Explore a Knowledge Graph

The sandbox contains a prebuilt knowledge graph.

The knowledge graph represents just 3 news articles covering the 1976 United States presidential election:

  • 1976-6: "Jackson wins Massachusetts Democratic primary."

  • 1976-8: "Carter wins Pennsylvania Democratic primary"

  • 1976-22: "Jimmy Carter wins Presidency"

Learn more about these news articles

The 3 articles were taken from the NewsWire dataset that contains 2.7 million unique public domain U.S. news wire articles, written between 1878 and 1977.

The dataset was created to provide researchers with a large, high-quality corpus of historical news articles. These texts provide a massive repository of information about historical topics and events - and which newspapers were covering them. The dataset will be useful to a wide variety of researchers including historians, other social scientists, and NLP practitioners.

You can view the Python code which extracted these articles from the dataset in the llm-knowledge-graph-construction repository.

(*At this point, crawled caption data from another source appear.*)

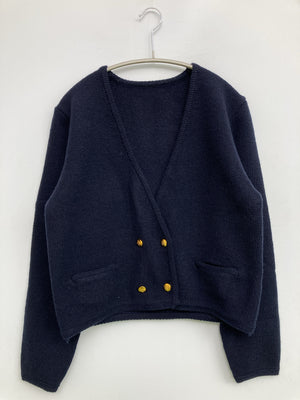 カーディガン/ボレロ/トップス/ネイビー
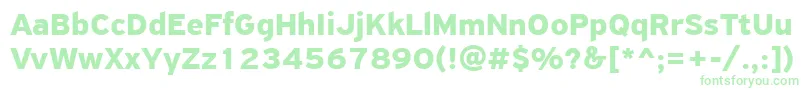 PfhighwaysansproBold Font – Green Fonts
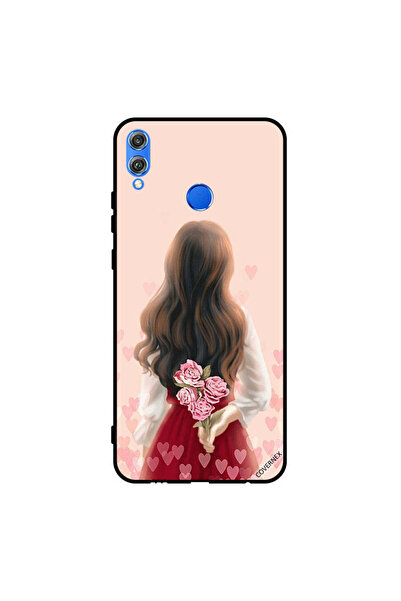 Covernex غطاء حماية لهاتف Honor 8X فتاة تخفي الزهور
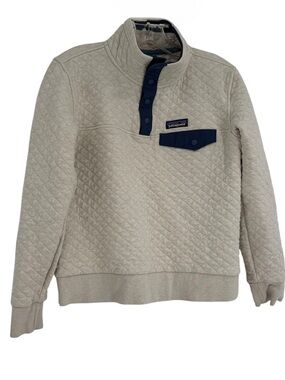 Patagonia Snap-T Womens S Quilted pullover organic cotton sweater Pullover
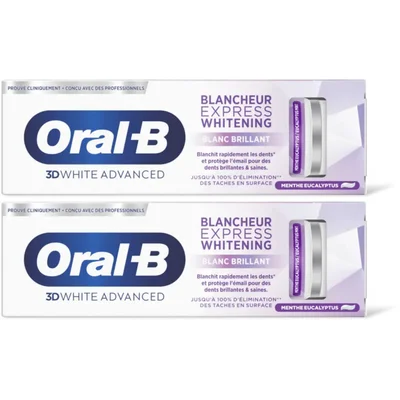 Oral-B 3D white express whitening tandpasta 2pk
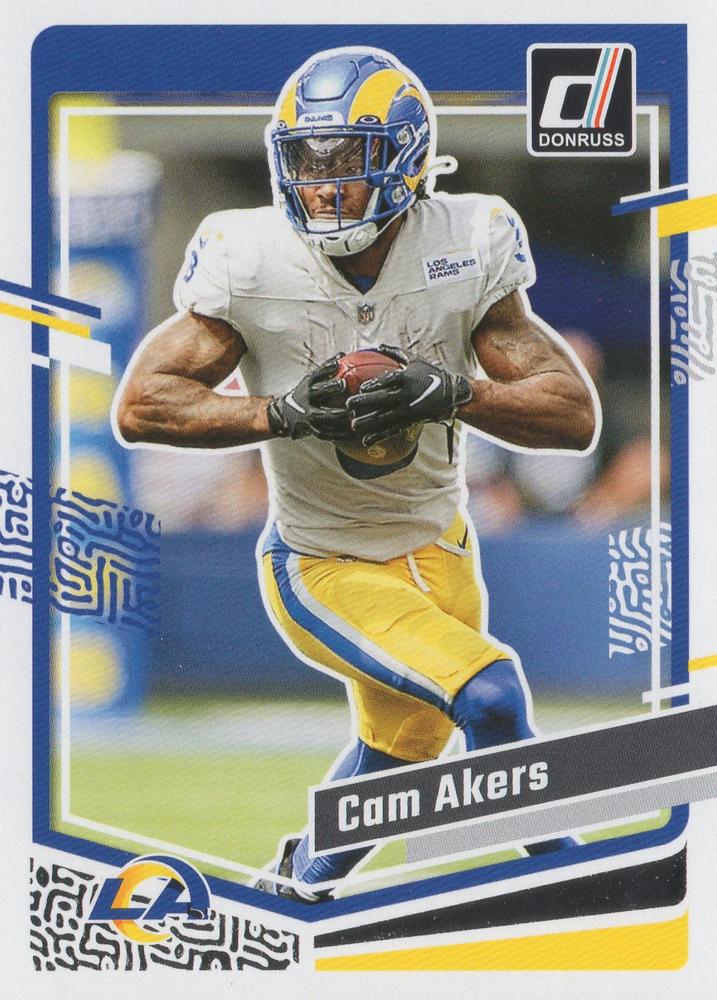 #164 Cam Akers - Los Angeles Rams - 2023 Donruss Football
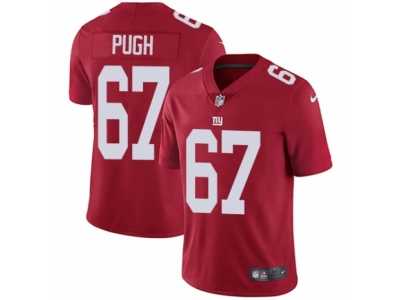 Youth Nike New York Giants #67 Justin Pugh Vapor Untouchable Limited Red Alternate NFL Jersey
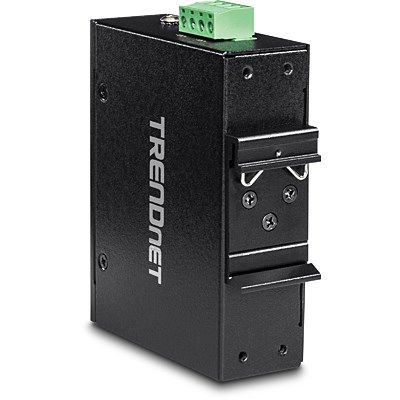 5. TRENDnet TI-SG104 - Rozgałęźnik PoE (do montażu na szynie DIN) - 95 Watt - Złącza wyjściowe: 1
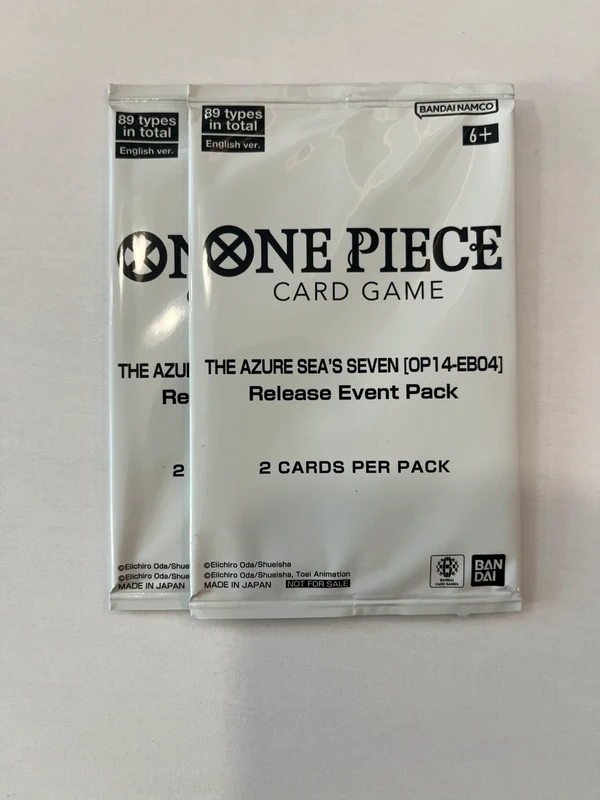 Lot de 2 booster : op14 pre-release us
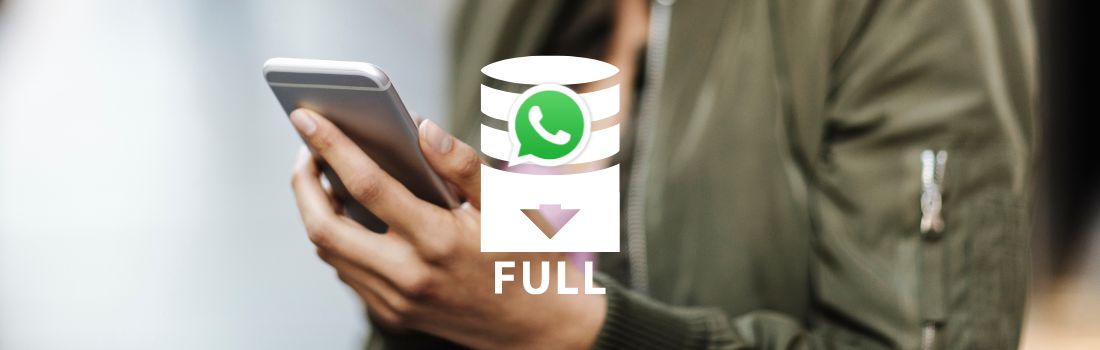 My WhatsApp Storage Is Full: How To Clear Space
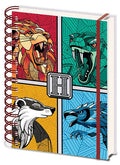 Taccuino A5 Harry Potter Hogwarts Houses
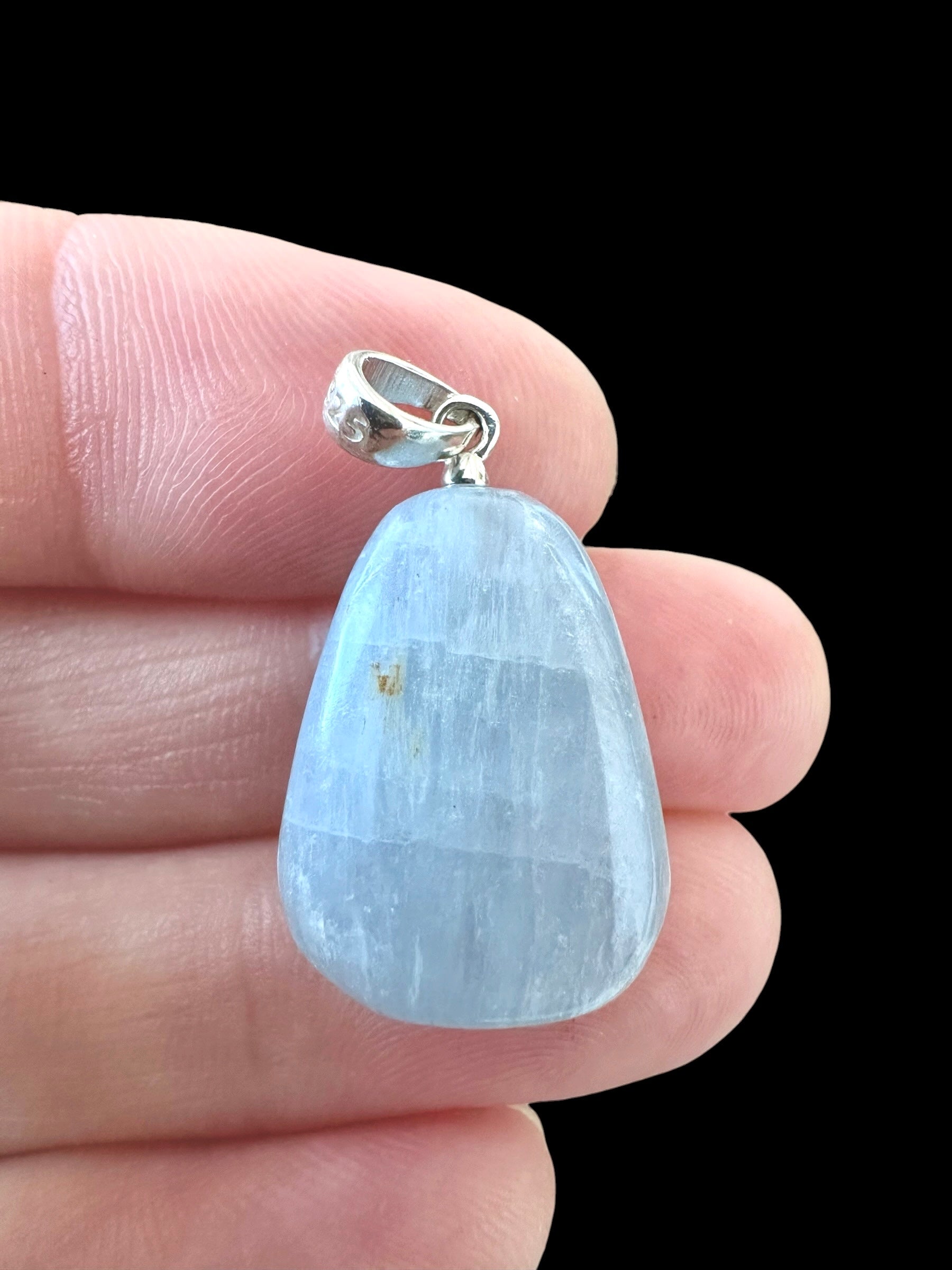 Silver pendant made of celestine - SP/CE05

The knowledge graph maps the relationships between the following entity types referred to in the articles:

  • Person

  • Location

  • Organization

  • Building

  • Political party

  • State

Run this Cypher to reveal how the entities from the articles are related to each other:

cypher
MATCH p=(a:Article)-[:HAS_ENTITY]->(e)-[r]-()
RETURN p
A graph showing the entities the graph

You can see that all 3 articles are connected within the graph through the Person entity Jimmy Carter.

Node colors and captions

You can set the color of nodes and the text displayed by clicking on the node label, selecting a color and a property to use as the caption.

Screenshot of the node color and caption settings

The relationships within knowledge graphs allow you to explore how entities are connected and related to each other.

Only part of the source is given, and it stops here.